╭──
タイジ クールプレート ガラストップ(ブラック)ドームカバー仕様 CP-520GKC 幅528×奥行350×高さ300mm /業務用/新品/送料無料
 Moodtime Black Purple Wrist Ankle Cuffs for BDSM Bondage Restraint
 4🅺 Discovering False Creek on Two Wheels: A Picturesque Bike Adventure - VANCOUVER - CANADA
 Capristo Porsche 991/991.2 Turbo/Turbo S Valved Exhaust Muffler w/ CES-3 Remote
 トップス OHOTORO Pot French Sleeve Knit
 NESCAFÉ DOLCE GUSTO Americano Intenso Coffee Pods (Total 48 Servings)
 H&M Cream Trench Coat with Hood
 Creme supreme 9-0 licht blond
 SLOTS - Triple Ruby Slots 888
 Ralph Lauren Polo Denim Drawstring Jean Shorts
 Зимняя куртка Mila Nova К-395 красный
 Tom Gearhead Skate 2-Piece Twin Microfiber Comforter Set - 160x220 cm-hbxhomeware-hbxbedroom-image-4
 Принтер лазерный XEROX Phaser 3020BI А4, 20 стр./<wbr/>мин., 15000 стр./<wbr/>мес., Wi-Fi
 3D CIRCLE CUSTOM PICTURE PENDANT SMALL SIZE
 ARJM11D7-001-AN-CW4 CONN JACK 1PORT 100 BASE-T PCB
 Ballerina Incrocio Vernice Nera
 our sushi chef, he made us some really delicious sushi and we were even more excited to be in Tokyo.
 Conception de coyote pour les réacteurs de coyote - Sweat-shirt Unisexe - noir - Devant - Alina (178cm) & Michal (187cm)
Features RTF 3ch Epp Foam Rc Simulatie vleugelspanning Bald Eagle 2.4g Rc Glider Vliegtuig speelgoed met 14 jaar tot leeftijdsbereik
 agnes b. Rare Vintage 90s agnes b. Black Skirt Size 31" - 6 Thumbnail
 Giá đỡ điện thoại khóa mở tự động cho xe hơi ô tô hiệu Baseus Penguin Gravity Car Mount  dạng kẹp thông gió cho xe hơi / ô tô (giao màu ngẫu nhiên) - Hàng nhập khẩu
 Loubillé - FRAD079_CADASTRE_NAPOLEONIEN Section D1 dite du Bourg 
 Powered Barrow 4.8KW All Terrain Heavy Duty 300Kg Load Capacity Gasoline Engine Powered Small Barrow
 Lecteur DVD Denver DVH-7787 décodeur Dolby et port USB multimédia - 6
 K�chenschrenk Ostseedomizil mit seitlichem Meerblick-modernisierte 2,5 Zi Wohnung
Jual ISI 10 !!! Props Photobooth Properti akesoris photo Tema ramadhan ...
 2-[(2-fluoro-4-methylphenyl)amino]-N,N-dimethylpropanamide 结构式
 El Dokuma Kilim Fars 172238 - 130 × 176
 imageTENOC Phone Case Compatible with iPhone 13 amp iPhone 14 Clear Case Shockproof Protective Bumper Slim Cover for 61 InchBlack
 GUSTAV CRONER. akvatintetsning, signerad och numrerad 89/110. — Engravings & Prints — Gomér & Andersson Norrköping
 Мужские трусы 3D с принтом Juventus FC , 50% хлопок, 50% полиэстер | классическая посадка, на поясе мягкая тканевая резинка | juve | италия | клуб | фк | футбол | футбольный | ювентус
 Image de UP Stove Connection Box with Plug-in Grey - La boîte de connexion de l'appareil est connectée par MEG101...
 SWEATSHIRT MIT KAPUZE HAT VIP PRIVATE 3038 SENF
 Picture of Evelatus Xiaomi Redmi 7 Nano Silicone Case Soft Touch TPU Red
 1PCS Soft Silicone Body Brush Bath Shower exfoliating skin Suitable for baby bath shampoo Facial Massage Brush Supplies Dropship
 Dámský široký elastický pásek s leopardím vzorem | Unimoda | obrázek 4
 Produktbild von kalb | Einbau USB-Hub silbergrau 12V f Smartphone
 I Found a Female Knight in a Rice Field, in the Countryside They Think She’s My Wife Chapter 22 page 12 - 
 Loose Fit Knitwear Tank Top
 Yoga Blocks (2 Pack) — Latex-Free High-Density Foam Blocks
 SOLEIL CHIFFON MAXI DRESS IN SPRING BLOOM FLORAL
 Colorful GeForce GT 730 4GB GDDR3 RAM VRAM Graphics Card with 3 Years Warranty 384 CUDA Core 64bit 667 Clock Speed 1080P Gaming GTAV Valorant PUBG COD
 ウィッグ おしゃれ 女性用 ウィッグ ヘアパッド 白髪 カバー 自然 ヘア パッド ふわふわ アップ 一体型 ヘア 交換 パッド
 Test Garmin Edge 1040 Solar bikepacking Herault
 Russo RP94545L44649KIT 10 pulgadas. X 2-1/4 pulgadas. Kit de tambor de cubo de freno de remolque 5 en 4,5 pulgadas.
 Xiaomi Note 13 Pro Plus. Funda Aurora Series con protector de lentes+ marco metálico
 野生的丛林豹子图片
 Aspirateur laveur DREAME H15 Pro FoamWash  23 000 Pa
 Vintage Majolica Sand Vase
╰──
Exercise description:
Reproduce every record above, word for word.

Answer box:
タイジ クールプレート ガラストップ(ブラック)ドームカバー仕様 CP-520GKC 幅528×奥行350×高さ300mm /業務用/新品/送料無料
 Moodtime Black Purple Wrist Ankle Cuffs for BDSM Bondage Restraint
 4🅺 Discovering False Creek on Two Wheels: A Picturesque Bike Adventure - VANCOUVER - CANADA
 Capristo Porsche 991/991.2 Turbo/Turbo S Valved Exhaust Muffler w/ CES-3 Remote
 トップス OHOTORO Pot French Sleeve Knit
 NESCAFÉ DOLCE GUSTO Americano Intenso Coffee Pods (Total 48 Servings)
 H&M Cream Trench Coat with Hood
 Creme supreme 9-0 licht blond
 SLOTS - Triple Ruby Slots 888
 Ralph Lauren Polo Denim Drawstring Jean Shorts
 Зимняя куртка Mila Nova К-395 красный
 Tom Gearhead Skate 2-Piece Twin Microfiber Comforter Set - 160x220 cm-hbxhomeware-hbxbedroom-image-4
 Принтер лазерный XEROX Phaser 3020BI А4, 20 стр./<wbr/>мин., 15000 стр./<wbr/>мес., Wi-Fi
 3D CIRCLE CUSTOM PICTURE PENDANT SMALL SIZE
 ARJM11D7-001-AN-CW4 CONN JACK 1PORT 100 BASE-T PCB
 Ballerina Incrocio Vernice Nera
 our sushi chef, he made us some really delicious sushi and we were even more excited to be in Tokyo.
 Conception de coyote pour les réacteurs de coyote - Sweat-shirt Unisexe - noir - Devant - Alina (178cm) & Michal (187cm)
Features RTF 3ch Epp Foam Rc Simulatie vleugelspanning Bald Eagle 2.4g Rc Glider Vliegtuig speelgoed met 14 jaar tot leeftijdsbereik
 agnes b. Rare Vintage 90s agnes b. Black Skirt Size 31" - 6 Thumbnail
 Giá đỡ điện thoại khóa mở tự động cho xe hơi ô tô hiệu Baseus Penguin Gravity Car Mount  dạng kẹp thông gió cho xe hơi / ô tô (giao màu ngẫu nhiên) - Hàng nhập khẩu
 Loubillé - FRAD079_CADASTRE_NAPOLEONIEN Section D1 dite du Bourg 
 Powered Barrow 4.8KW All Terrain Heavy Duty 300Kg Load Capacity Gasoline Engine Powered Small Barrow
 Lecteur DVD Denver DVH-7787 décodeur Dolby et port USB multimédia - 6
 K�chenschrenk Ostseedomizil mit seitlichem Meerblick-modernisierte 2,5 Zi Wohnung
Jual ISI 10 !!! Props Photobooth Properti akesoris photo Tema ramadhan ...
 2-[(2-fluoro-4-methylphenyl)amino]-N,N-dimethylpropanamide 结构式
 El Dokuma Kilim Fars 172238 - 130 × 176
 imageTENOC Phone Case Compatible with iPhone 13 amp iPhone 14 Clear Case Shockproof Protective Bumper Slim Cover for 61 InchBlack
 GUSTAV CRONER. akvatintetsning, signerad och numrerad 89/110. — Engravings & Prints — Gomér & Andersson Norrköping
 Мужские трусы 3D с принтом Juventus FC , 50% хлопок, 50% полиэстер | классическая посадка, на поясе мягкая тканевая резинка | juve | италия | клуб | фк | футбол | футбольный | ювентус
 Image de UP Stove Connection Box with Plug-in Grey - La boîte de connexion de l'appareil est connectée par MEG101...
 SWEATSHIRT MIT KAPUZE HAT VIP PRIVATE 3038 SENF
 Picture of Evelatus Xiaomi Redmi 7 Nano Silicone Case Soft Touch TPU Red
 1PCS Soft Silicone Body Brush Bath Shower exfoliating skin Suitable for baby bath shampoo Facial Massage Brush Supplies Dropship
 Dámský široký elastický pásek s leopardím vzorem | Unimoda | obrázek 4
 Produktbild von kalb | Einbau USB-Hub silbergrau 12V f Smartphone
 I Found a Female Knight in a Rice Field, in the Countryside They Think She’s My Wife Chapter 22 page 12 - 
 Loose Fit Knitwear Tank Top
 Yoga Blocks (2 Pack) — Latex-Free High-Density Foam Blocks
 SOLEIL CHIFFON MAXI DRESS IN SPRING BLOOM FLORAL
 Colorful GeForce GT 730 4GB GDDR3 RAM VRAM Graphics Card with 3 Years Warranty 384 CUDA Core 64bit 667 Clock Speed 1080P Gaming GTAV Valorant PUBG COD
 ウィッグ おしゃれ 女性用 ウィッグ ヘアパッド 白髪 カバー 自然 ヘア パッド ふわふわ アップ 一体型 ヘア 交換 パッド
 Test Garmin Edge 1040 Solar bikepacking Herault
 Russo RP94545L44649KIT 10 pulgadas. X 2-1/4 pulgadas. Kit de tambor de cubo de freno de remolque 5 en 4,5 pulgadas.
 Xiaomi Note 13 Pro Plus. Funda Aurora Series con protector de lentes+ marco metálico
 野生的丛林豹子图片
 Aspirateur laveur DREAME H15 Pro FoamWash  23 000 Pa
 Vintage Majolica Sand Vase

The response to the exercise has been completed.